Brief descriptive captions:
.....

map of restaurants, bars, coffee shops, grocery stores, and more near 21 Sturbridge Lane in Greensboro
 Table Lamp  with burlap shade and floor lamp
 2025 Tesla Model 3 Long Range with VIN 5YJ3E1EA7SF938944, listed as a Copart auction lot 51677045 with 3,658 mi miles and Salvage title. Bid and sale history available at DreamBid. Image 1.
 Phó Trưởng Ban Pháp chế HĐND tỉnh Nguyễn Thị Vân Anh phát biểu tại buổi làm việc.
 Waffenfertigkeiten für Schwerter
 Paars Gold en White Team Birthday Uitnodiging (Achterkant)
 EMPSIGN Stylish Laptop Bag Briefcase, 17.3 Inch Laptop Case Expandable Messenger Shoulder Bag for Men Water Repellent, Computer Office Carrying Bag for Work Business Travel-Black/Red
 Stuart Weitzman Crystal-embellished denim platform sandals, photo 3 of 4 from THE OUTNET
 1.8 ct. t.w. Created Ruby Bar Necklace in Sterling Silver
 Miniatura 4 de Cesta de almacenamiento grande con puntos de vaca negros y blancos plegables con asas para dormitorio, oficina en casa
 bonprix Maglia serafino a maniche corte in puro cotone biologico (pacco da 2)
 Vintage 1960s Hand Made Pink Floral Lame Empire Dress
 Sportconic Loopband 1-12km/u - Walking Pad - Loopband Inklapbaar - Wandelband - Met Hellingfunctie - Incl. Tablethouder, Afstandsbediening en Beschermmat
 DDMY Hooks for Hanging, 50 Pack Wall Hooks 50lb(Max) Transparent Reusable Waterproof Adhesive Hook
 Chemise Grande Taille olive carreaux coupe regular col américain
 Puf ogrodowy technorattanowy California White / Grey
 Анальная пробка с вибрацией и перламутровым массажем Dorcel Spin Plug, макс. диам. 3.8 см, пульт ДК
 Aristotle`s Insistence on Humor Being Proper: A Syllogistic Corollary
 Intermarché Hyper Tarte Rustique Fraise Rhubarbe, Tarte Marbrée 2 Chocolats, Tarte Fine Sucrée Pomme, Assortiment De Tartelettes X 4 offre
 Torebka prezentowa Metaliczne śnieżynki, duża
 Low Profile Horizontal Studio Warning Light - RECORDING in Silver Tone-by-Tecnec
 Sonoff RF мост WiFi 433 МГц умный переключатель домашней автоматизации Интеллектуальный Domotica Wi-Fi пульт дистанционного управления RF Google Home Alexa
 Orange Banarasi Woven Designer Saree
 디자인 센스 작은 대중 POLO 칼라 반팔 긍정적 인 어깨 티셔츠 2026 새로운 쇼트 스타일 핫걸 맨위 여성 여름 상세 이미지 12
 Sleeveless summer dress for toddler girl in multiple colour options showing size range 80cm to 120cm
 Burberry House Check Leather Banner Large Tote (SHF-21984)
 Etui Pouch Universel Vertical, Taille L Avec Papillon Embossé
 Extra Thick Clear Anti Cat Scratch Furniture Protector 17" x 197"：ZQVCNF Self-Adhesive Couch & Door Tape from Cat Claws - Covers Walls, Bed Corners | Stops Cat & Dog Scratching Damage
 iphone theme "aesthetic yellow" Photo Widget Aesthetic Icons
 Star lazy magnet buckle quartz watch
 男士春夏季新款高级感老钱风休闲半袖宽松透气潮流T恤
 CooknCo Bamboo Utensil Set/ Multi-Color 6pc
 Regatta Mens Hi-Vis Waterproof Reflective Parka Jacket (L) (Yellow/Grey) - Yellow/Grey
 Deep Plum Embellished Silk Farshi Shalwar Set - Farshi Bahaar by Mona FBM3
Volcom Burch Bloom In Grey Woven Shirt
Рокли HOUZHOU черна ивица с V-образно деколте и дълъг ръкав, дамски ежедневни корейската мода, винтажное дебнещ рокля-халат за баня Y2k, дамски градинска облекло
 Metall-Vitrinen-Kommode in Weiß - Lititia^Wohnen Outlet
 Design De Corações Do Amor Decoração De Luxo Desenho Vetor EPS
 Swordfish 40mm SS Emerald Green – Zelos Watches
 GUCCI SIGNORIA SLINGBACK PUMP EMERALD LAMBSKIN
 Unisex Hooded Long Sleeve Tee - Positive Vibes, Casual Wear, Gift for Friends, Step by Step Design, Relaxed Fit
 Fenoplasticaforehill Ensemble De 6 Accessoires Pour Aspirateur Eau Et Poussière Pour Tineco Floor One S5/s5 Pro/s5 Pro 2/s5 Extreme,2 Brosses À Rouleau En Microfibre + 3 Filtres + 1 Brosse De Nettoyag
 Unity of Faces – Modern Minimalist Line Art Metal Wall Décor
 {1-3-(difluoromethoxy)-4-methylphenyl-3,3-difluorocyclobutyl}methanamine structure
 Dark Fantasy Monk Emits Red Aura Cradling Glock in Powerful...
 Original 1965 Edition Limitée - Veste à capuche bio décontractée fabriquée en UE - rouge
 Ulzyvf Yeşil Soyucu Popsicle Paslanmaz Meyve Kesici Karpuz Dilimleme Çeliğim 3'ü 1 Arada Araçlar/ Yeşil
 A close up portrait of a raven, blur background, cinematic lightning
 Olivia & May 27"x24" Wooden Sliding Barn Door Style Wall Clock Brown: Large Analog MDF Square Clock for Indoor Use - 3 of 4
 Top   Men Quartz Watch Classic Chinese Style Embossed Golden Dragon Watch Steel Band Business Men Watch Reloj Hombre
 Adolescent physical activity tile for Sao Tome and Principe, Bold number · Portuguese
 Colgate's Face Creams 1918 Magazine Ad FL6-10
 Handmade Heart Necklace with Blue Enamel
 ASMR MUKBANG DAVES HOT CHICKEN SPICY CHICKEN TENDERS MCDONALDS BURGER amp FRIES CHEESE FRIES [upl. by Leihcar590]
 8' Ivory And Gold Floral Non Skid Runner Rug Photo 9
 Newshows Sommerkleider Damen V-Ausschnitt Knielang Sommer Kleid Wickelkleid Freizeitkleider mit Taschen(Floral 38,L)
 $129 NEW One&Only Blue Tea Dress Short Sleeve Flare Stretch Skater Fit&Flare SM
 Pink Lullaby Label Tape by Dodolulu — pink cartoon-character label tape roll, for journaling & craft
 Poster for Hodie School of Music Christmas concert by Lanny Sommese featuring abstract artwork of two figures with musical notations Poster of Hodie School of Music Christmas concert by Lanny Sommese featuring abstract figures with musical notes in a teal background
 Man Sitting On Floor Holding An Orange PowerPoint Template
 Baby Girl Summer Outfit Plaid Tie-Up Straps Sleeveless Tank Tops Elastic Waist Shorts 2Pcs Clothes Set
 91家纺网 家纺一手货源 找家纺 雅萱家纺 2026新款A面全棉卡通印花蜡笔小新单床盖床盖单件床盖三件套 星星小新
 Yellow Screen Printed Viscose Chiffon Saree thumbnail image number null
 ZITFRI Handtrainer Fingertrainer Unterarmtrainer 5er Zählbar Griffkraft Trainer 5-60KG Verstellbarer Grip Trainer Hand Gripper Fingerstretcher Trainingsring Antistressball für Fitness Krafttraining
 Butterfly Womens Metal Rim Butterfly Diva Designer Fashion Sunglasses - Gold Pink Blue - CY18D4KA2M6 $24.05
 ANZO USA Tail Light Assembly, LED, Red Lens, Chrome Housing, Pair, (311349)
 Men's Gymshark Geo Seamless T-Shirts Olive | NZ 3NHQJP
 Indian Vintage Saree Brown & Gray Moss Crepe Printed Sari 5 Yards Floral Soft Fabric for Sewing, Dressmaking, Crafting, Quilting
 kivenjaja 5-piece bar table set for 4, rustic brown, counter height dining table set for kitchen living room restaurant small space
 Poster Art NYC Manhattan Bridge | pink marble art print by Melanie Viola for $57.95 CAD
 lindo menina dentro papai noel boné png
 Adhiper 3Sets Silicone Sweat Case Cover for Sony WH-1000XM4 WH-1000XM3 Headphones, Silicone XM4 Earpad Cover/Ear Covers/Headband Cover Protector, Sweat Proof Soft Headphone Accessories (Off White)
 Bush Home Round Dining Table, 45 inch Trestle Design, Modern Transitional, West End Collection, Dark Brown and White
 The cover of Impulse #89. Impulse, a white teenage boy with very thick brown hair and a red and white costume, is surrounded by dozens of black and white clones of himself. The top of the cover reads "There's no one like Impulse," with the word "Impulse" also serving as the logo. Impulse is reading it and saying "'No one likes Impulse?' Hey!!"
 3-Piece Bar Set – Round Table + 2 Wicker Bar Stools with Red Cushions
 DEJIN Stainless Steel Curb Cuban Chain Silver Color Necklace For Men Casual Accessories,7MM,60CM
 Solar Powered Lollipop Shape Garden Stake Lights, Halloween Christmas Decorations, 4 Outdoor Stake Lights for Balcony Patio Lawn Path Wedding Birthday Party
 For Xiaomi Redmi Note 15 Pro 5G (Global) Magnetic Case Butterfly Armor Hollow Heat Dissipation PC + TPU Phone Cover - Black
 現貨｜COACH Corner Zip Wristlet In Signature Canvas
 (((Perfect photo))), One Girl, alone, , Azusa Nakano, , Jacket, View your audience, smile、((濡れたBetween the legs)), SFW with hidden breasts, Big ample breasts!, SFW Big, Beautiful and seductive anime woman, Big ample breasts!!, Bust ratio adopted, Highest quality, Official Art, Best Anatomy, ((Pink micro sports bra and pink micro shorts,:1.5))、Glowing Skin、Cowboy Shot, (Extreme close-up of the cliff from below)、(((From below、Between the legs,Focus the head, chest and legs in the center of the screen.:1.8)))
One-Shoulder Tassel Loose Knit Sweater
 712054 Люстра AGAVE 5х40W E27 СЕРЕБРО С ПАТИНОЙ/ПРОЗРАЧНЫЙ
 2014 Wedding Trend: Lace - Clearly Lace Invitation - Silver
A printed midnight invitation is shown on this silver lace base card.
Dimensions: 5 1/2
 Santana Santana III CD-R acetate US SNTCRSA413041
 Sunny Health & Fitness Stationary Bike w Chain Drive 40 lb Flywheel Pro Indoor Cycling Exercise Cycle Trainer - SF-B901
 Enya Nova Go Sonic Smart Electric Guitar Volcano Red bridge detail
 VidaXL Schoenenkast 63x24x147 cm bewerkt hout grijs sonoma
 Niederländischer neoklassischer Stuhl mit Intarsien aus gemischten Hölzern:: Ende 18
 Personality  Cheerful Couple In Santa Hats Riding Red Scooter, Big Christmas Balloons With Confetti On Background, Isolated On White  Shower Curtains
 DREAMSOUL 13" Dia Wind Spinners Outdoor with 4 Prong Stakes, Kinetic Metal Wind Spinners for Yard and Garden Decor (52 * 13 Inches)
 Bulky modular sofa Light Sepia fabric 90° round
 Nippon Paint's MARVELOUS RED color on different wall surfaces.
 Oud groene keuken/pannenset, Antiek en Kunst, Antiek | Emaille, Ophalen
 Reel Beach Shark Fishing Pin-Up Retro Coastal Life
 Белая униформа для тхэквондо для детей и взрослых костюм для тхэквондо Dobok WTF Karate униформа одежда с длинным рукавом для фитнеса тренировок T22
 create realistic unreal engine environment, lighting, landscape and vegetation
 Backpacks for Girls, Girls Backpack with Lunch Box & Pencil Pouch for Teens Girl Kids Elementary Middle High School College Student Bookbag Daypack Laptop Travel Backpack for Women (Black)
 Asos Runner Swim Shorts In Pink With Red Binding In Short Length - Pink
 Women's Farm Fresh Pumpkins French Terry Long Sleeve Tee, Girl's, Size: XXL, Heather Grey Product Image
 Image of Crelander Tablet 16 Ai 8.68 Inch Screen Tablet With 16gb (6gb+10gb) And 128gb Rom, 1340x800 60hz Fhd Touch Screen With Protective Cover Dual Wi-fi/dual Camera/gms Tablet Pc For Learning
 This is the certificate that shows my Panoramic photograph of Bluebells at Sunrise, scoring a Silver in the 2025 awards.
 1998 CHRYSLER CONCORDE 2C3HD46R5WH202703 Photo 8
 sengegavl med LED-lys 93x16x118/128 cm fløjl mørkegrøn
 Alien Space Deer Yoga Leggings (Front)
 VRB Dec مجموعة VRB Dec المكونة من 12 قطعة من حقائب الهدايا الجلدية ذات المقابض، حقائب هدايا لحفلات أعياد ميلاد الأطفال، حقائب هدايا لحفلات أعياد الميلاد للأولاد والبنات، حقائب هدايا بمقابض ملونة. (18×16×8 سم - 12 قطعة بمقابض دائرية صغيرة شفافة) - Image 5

.....

> What you should do
Given the records above, return exactly the lines starting at the line containing "A Syllogistic Corollary" and ending at the line containing "男士春夏季新款高级感老钱风休闲半袖宽松透气潮流T恤", including both.

> Result of this exercise
 Aristotle`s Insistence on Humor Being Proper: A Syllogistic Corollary
 Intermarché Hyper Tarte Rustique Fraise Rhubarbe, Tarte Marbrée 2 Chocolats, Tarte Fine Sucrée Pomme, Assortiment De Tartelettes X 4 offre
 Torebka prezentowa Metaliczne śnieżynki, duża
 Low Profile Horizontal Studio Warning Light - RECORDING in Silver Tone-by-Tecnec
 Sonoff RF мост WiFi 433 МГц умный переключатель домашней автоматизации Интеллектуальный Domotica Wi-Fi пульт дистанционного управления RF Google Home Alexa
 Orange Banarasi Woven Designer Saree
 디자인 센스 작은 대중 POLO 칼라 반팔 긍정적 인 어깨 티셔츠 2026 새로운 쇼트 스타일 핫걸 맨위 여성 여름 상세 이미지 12
 Sleeveless summer dress for toddler girl in multiple colour options showing size range 80cm to 120cm
 Burberry House Check Leather Banner Large Tote (SHF-21984)
 Etui Pouch Universel Vertical, Taille L Avec Papillon Embossé
 Extra Thick Clear Anti Cat Scratch Furniture Protector 17" x 197"：ZQVCNF Self-Adhesive Couch & Door Tape from Cat Claws - Covers Walls, Bed Corners | Stops Cat & Dog Scratching Damage
 iphone theme "aesthetic yellow" Photo Widget Aesthetic Icons
 Star lazy magnet buckle quartz watch
 男士春夏季新款高级感老钱风休闲半袖宽松透气潮流T恤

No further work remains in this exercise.